KIA was published by Simon and Schuster in January 2008. The plot of KIA goes thus: When a soldier's remains are found in the Catholic cemetery of Thanh Lay Hamlet outside of the rechristened Ho Chi Minh City, a reluctant Vietnamese government agrees to the repatriation of the body believed to be Master Sergeant Jimmy Lee Tenkiller. Tenkiller was a Native American soldier who went missing in the chaos of Saigon during the summer of 1970. For fourteen years, his designation was AWOL, until the Status Review Board voted 2-1 to change it to KIA.

Before the case can be closed, Dr. Kel McKelvey and his team at the Central Identification Lab must positively identify the body believed to be Jimmy Tenkiller. The skull's noble features suggest the sergeant's proud Choctaw-Cherokee heritage, but Kel's instincts give him pause. Using a combination of cutting-edge forensic technique and old fashioned anthropology, he sets out to unravel the chilling mystery of the body's identity. What he finds leads him deep into the Vietnamese wartime black market and into the haunted mind of Jimmy Tenkiller.

Assisting Kel on the case is his colleague and friend, Chief Warrant Officer Thomas Edward Lafayette "Shuck" Deveroux of the Army's Criminal Investigative Division. Shuck has been assigned to solve a series of brutal murders on military bases in Kentucky and Tennessee, and he reluctantly adds Kel's identification to his caseload. But when the two investigators team up, they soon realize that all of their dead men may be telling the same tale.

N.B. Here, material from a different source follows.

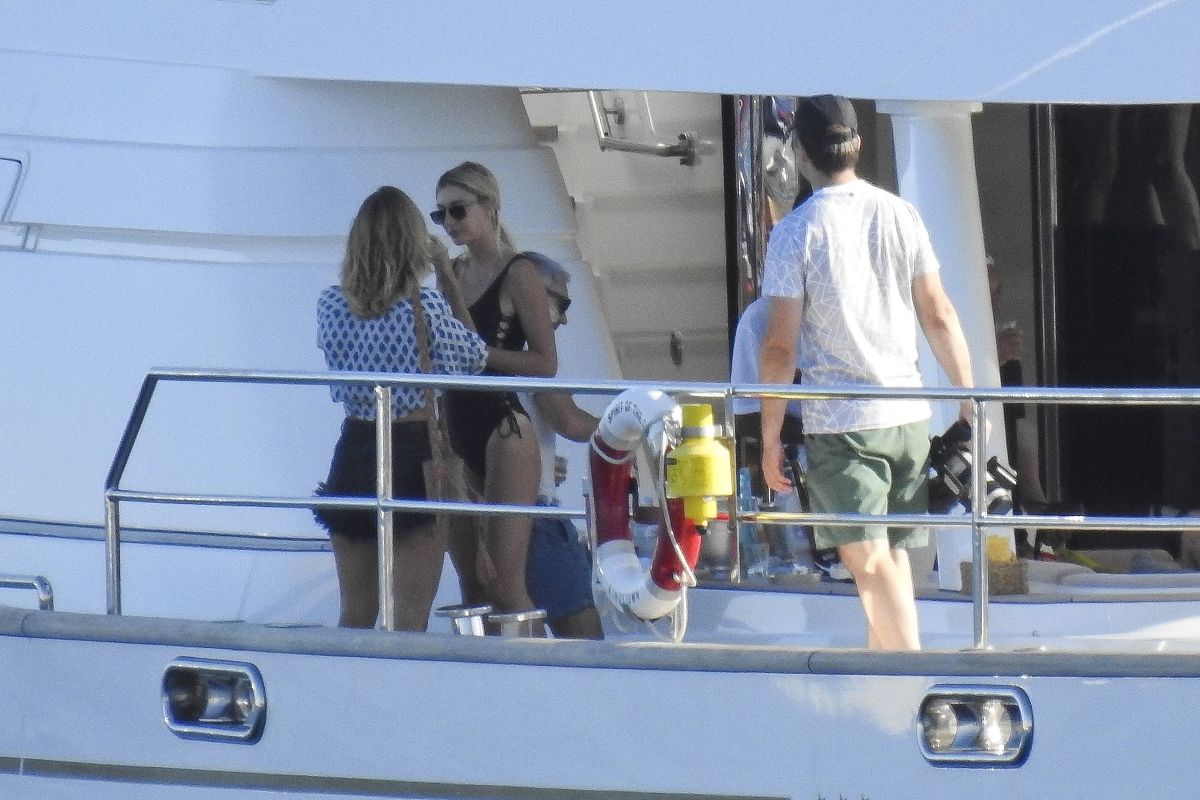 Grenada and Dominica: Independence from Great Britain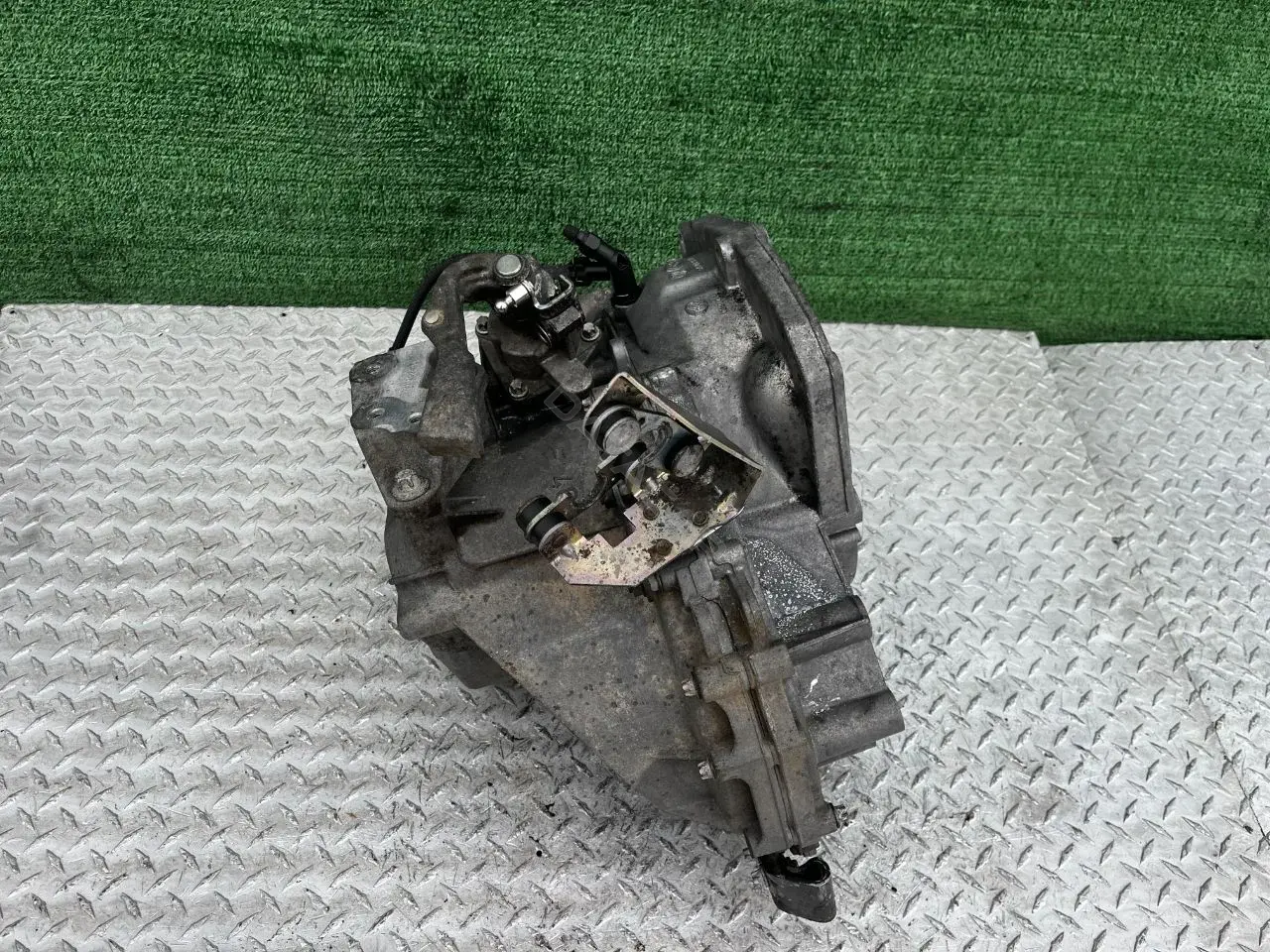 Механическая коробка передач (МКПП) F40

Dr. Kel McKelvey has devoted his life to bringing closure to the families of brave men and women who died fighting for their country. In KIA, he faces his greatest challenge yet -- to solve a chain of crimes committed by desperate men in times of war and peace. The result is a mesmerizing thriller -- an intricate forensics case involving a fallen United States serviceman, from an author who is an expert in the field.


Review:
"As the scientific director of the Department of Defense's central identification laboratory, Holland is responsible for identifying unknown U.S. war dead. In this strong sequel to One Drop of Blood (2006), Kel McKelvey has similar duties, though he's in the professional doldrums thanks to an officious and procedure-bound superior. Then McKelvey gets the chance to leave his Hawaii laboratory to help sort out the mystery surrounding Jimmy Tenkiller, a Native American who went missing shortly before his tour of duty in Vietnam was scheduled to end and whose remains the Vietnamese may have just turned over to present-day American authorities. As McKelvey searches for evidence to establish the dead man's identity, he becomes involved in a cross-country search for a murderer with possible ties to Tenkiller and a corrupt cabal of former South Vietnamese officers. Holland skillfully portrays the complexities of the U.S. relationship with its South Vietnamese allies during the war, while keeping readers guessing the killer's identity to the end." Publishers Weekly



ISBN: 9780743280013 Publisher: Simon & Schuster  Subject: Vietnam War, 1961-1975 
Published: January 2008. A sequel to One Drop of Blood (2006).


Both books are available in e-book form  should you wish to read more about Kel McKelvey.

The author

Thomas Holland has a professional background from which to draw his plots and characters. He is presently the Scientific Director of the Department of Defense's Central Identification Laboratory, the largest skeletal identification laboratory in the world. In this position he has led forensic recoveries around the world, from the barren deserts of Iraq to the steamy jungles of Vietnam to the snow-covered mountains of North Korea. In 1993, while conducting a recovery near the Killing Fields of Cambodia, his team came under a Khmer Rouge rocket attack and was forced to withdraw from its base camp under fire.

In the relative quiet of the Central Identification Laboratory, Holland holds the awesome responsibility for approving the identifications of all U.S. military personnel from past military conflicts. During his tenure this has included over 1000 soldiers from World War I, World War II, the Korean War, the Cold War, and the Vietnam War -- including the Vietnam Unknown Soldier from Arlington National Cemetery.

Holland received a bachelor's degree in fine art from the University of Missouri and a Master's degree and a Doctorate degree in anthropology from the same institution. He worked as an archaeologist and museum curator before taking a position with the Department of Defense. He is one of less than 80 Diplomates of the American Board of Forensic Anthropology, is a Fellow of the American Academy of Forensic Sciences, a member of the American Society of Crime Laboratory Directors, a member of the Council of Federal Forensic Laboratory Directors, and a consultant to the New York State Police. He routinely briefs high-ranking military and government officials including the secretaries of State and Defense, and has served in scientific advisory roles to the National Institute of Justice and the International Commission on Missing Persons.

Holland and his laboratory are frequently featured on such programs as Discovery, Nightline, 60 Minutes, National Public Radio, and Nova.